Goldman Sachs says gold will keep rising—and silver may lag behind. Here’s what to know
Dubai: If you’re thinking about investing in gold or silver to protect and grow your wealth, Goldman Sachs has some clear advice: stick with gold for now.
Gold has been on a tear in 2025—up over 26% so far—while silver has gained a more modest 12%. And according to a recent Goldman Sachs report, this gap is likely to keep growing. Why?
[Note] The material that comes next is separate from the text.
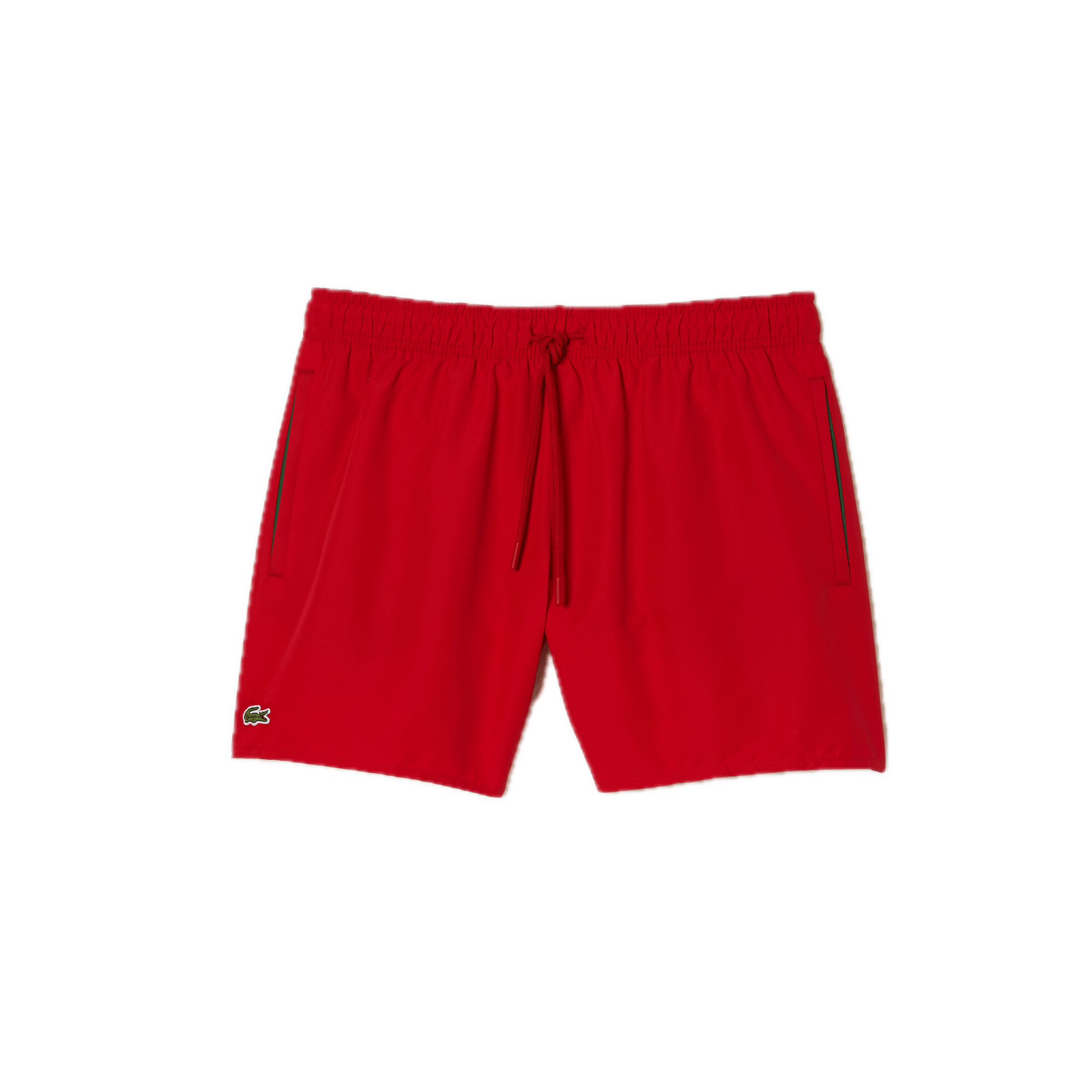 Bañador corto de hombre Lacoste secado rápido Rojo - ECRU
Because central banks around the world keep buying gold at record levels, and silver’s main driver—solar panel production in China—is starting to cool off.
“With Chinese solar production slowing, elevated recession risks, and continued gold buying by central banks into 2025, we expect gold to keep outshining silver,” Goldman wrote.
Right now, it takes over 100 ounces of silver to buy one ounce of gold—that’s the highest the gold-silver ratio has been in years. A year ago, that number was closer to 85. That tells investors that silver just isn’t keeping pace with gold—and likely won’t for a while.
Here’s what’s pushing gold higher:
Central banks are buying large amounts of gold every month.
Investors are nervous about the economy, inflation, and politics.
Safe-haven demand is rising, especially ahead of big decisions from the U.S. Federal Reserve.
Goldman now expects gold to hit $3,700 by the end of 2025, and possibly $4,000 by mid-2026. If the U.S. economy slows down or hits a recession, the price could climb even higher—up to $3,880—as people pile into gold-backed ETFs.
Not quite. Silver still has upside potential—especially if gold keeps rallying. The two metals often move together, even if gold leads the way. But silver is more tied to industrial demand (like solar energy and electronics), which makes it a bit more volatile and sensitive to global growth trends.
That said, silver is still trading far below its all-time highs, and long-term investors could see value there—just don’t expect it to outshine gold in the near future.
For readers in the UAE, where gold remains a popular form of savings and wealth protection, the current market may be especially appealing. With the UAE dirham pegged to the US dollar, gold priced in dollars provides a relatively stable investment, without the currency risk that some other global investors face. And with Dubai being a global gold hub, access and liquidity are easy advantages for residents here.
Gold is winning the spotlight this year—and according to Goldman Sachs, that’s not changing anytime soon. If you're building a precious metals strategy in your investment portfolio:
Prioritize gold for stability and strong upside.
Keep some silver for long-term diversification—but don’t expect fireworks right away.
Watch the Fed and global politics, as any uncertainty could push gold even higher.
Key takeaways:
Gold is up 26% this year; silver is only up 12%.
Central banks are loading up on gold, pushing prices higher.
Goldman Sachs expects gold to hit $3,700–$4,000 by mid-2026.
Silver may lag behind, especially as China’s solar demand slows.
For UAE investors, gold remains a stable, accessible store of value.